2005-09-26 Thread Joshua D. Drake



The question at hand is when are we willing to pull the plug
completely and declare that even security holes and data-loss risks
won't get fixed.
 

It is definitely a sensitive issue because we (my community hat on) want 
to make sure

and not alienate people because we won't support a version for very long.

However most major projects do this to a degree. RedHat does not release 
fixes for
7.3 anymore for example. Although the fedora-legacy project does. I 
don't know if it

is affiliated with RedHat like Fedora is though.

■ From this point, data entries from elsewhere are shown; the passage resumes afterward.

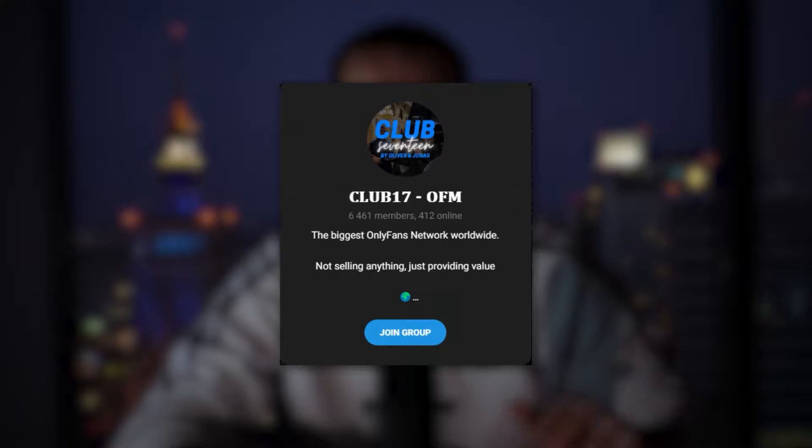Now you have everything it takes to build up Twitter successfully — how to create the account, get attention, funnel it, and build it up. It's just going to take time. If you have any more questions, join the 7,000-member OFM Telegram community via the link in the description — no payment or signup needed. You'll get access to two free eBooks and help from a lot of successful people in the industry. Wish you great success.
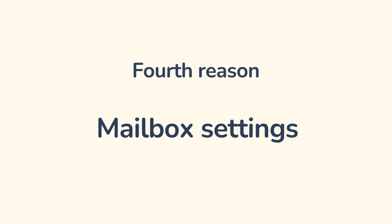Reason number four: mailbox settings. You must set up authentication — make SPF, DKIM, and DMARC records in the domain zone of the site. This is how postal services make sure that letters come from the declared source. Authentication will not only improve mail deliverability but also protect against spammer attacks — no one will be able to send bulk emails from your domain.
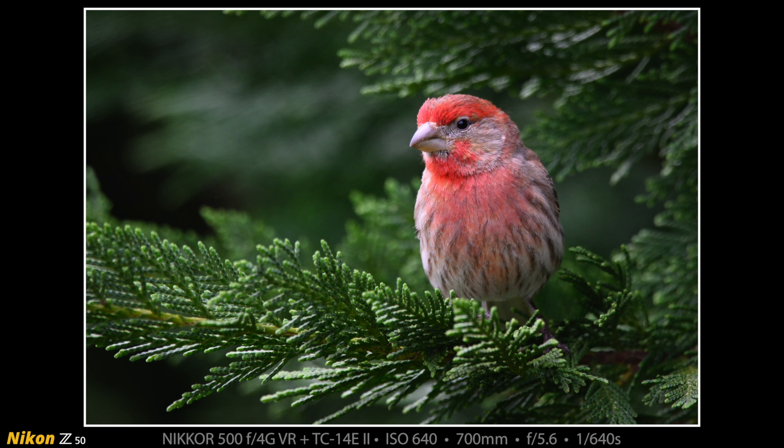I sat there with no activity whatsoever for about 15 minutes, and then the house finches started to show up. They stayed around quite a bit off and on. My favorite picture that I made was this one in the Leland Cypress of this male.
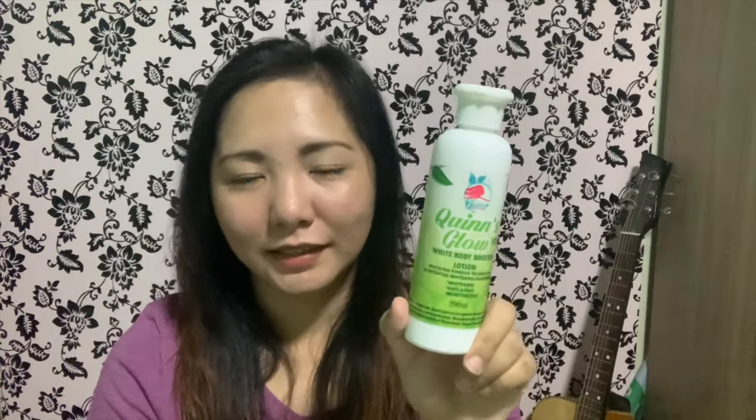I'm really happy with this — I actually have a one-kilo jar of this lotion as well! This one is 280 pesos for 200 ml. That's really great value for your money.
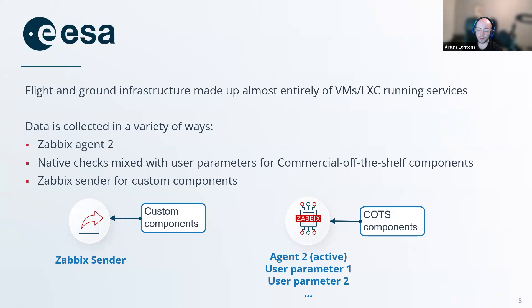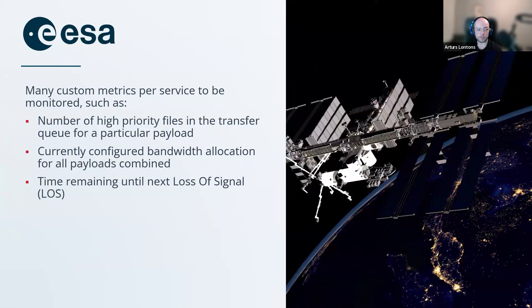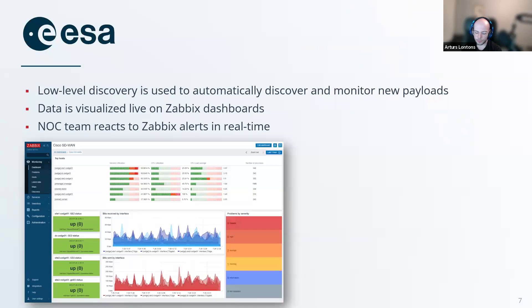So nothing too complex. If you've used Zabbix, you can easily imagine such a scenario, maybe even with some room for growth involving APIs or things like that. But to some extent, this is also further automated, because there are many custom services and metrics that need to be monitored. For example: number of high-priority files in the transfer queue for a particular payload, currently configured bandwidth allocation for all payloads, time remaining until next loss of signal. These services and payloads can change over time, so we need to automate a way of automatically discovering these, displaying them, and collecting data for them. This is where Zabbix low-level discovery is used.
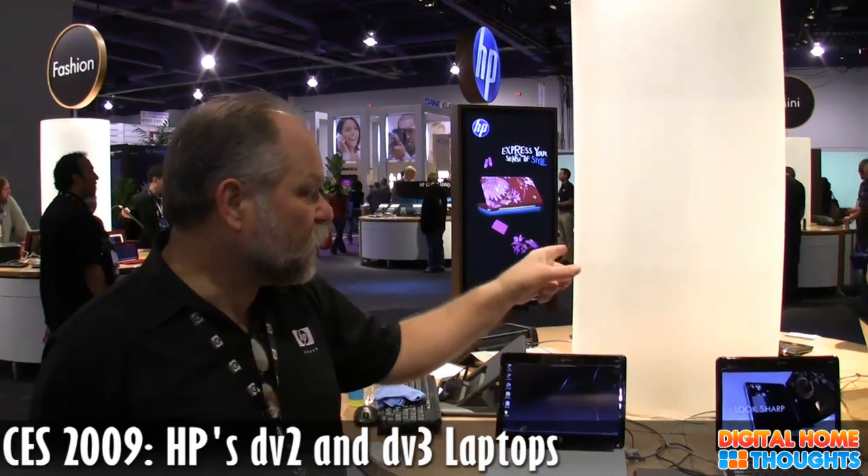Let's take a look at the DV3 now. Let's go around the other side of the table for the DV3. This is our HP Pavilion DV3 series notebook. It's a 13.3-inch display and certainly a notebook with all of the features you might want, in one very compact, very portable package.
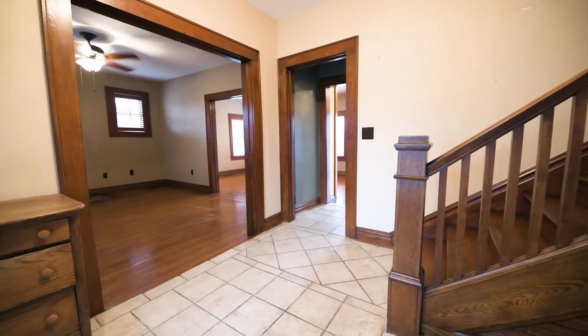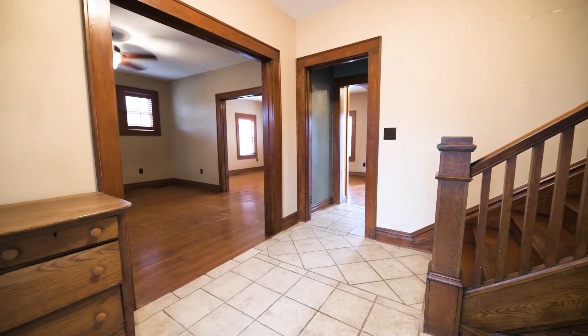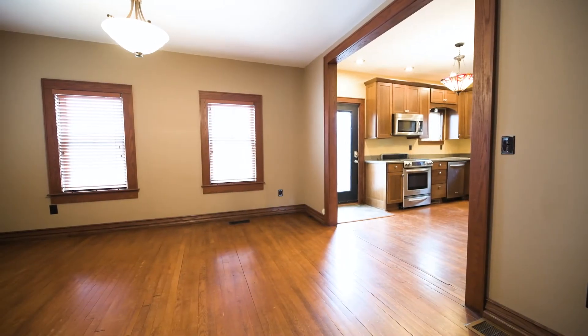Highlights of this home include hardwood flooring, stainless steel kitchen appliances, and a large covered front porch. The rear outdoor space offers an above-ground pool, custom deck, and a spacious detached garage. Let's take a look.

7.3 is the oldest version that I think is actually supportable, in that
there are no known, unfixable security or data-loss risks.
 

I would think that 7.3 would be security fixes and data loss fixes only. 
It will be 3 years
old in two months. In OSS terms that is quite a long time. This isn't 
like Windows where

you see a release every 5 years.

From a commercial perspective, I do have quite a few customers still on 
7.3. Frankly
I won't be able to get many of them to upgrade *until* the community 
deprecates 7.3.



So another way we might approach this is that it's time to kill 7.2
because we want to encourage people to get off it sooner not later, but
7.3 and later still have an indefinite support lifespan ahead of them.
 

Well from a community perspective that is definitely a very nice way to 
approach. Possibly

a sub community or pgFoundry project --- postgresql-legacy?

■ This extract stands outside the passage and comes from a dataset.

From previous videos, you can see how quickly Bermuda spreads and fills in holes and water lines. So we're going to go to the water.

In that mindset, we'd only pull the plug on a version when an
identifiable reason to kill it emerges.  I'd still not commit to an
infinite lifespan --- but we might be willing to support solid versions
for as long as, say, five years.
 

Five years is an awful long time in our community. We would in theory 
still be supporting
7.1. 7.1 was a great distro in comparison to 7.0. Although it did have 
the XID issue.



Or, as you say, we could take the viewpoint that there are commercial
companies willing to take on the burden of supporting back releases, and
the development community ought not spend its limited resources on doing
that.  I'm hesitant to push that idea very hard myself, because it would
look too much like I'm pushing the interests of my employer Red Hat
... but certainly there's a reasonable case to be made there.
 

Well one way to look at it, is that by doing so the community is 
enabling a commercial opportunity
which in turn, could (and hopefully would) encourage said commercial 
entities to donate more

resources to the project.

Look at how much RedHat gives to Gnome, or Novell to mono.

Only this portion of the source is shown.